アナリストの忙中閑話【第145回】

アナリストの忙中閑話

(2023年6月22日)

【第145回】ウクライナの反転攻勢開始、エルニーニョ現象発生、今夏に第9波到来か、衆院解散見送り、内外の注目映画多数公開

金融経済調査部 金融財政アナリスト 末澤 豪謙

ウクライナ軍の大規模反転攻勢開始

ウクライナ軍の大規模反転攻勢が始まった。

ウクライナのゼレンスキー大統領は6月10日、カナダのトルドー首相との共同記者会見の席上、記者団に対し、「ウクライナでは反撃の行為と防衛の行為が起きているが、いまどの段階にあるのか詳しくは話せない」(10日付けロイター)としつつ、「ウクライナ軍将官の士気は高い。プーチン大統領にそう伝えてほしい」と述べ、ウクライナ軍による反転攻勢開始を初めて確認した。

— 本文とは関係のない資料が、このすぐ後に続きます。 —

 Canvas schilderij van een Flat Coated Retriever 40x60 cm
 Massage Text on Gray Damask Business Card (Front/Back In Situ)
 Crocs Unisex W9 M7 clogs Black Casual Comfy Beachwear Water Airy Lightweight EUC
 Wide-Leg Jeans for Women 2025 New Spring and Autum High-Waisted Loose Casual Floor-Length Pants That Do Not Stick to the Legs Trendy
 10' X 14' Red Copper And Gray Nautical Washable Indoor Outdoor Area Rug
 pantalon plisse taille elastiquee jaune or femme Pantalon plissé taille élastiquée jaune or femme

カナダのトルドー首相は10日、キーウを訪問し、軍事支援のために5億カナダドルの資金を提供するほか、対空ミサイルなどの供与も発表していた。

プーチン大統領はロシア軍が反撃を阻止していると主張、英国防省や戦争研究所も反転攻勢を確認

一方、ロシアのプーチン大統領は9日、ロシア南部のソチで記者団に対して、ウクライナの反転攻勢について、「始まったと確実に言える」(10日付けNHK)と述べ、反転攻勢が始まったという認識を初めて示した。そして、「この5日間、激しい戦闘が行われている。しかし敵はどの地域でも成功しなかった」とし、ロシア軍が反撃を阻止していると主張した。

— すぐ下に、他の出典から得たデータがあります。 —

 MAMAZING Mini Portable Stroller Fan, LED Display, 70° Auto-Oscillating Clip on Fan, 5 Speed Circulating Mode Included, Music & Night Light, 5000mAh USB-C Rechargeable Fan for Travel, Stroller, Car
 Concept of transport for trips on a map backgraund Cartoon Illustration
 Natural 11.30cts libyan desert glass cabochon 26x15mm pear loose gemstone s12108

英国防省は10日、ウクライナが過去48時間に東部と南部の複数の場所で「重要な」作戦を展開したとしている。ウクライナ側については「最初の防衛線を突破したとみられる地域もあれば、前進が遅い地域もある」。ロシア側については「防衛できている部隊もあれば、混乱して撤退している部隊もある。撤退の際に自分たちが敷設した地雷原を通ることから、犠牲者の報告が増えている」とした。

米シンクタンク「戦争研究所(ISW)」は11日、ウクライナ軍は前線の少なくとも3つの地域で反撃作戦を実施、10日と11日に領土を回復したとしている。21日付けレポートでも、同軍は21日、前線の少なくとも3部門で反撃作戦を実施したと報告。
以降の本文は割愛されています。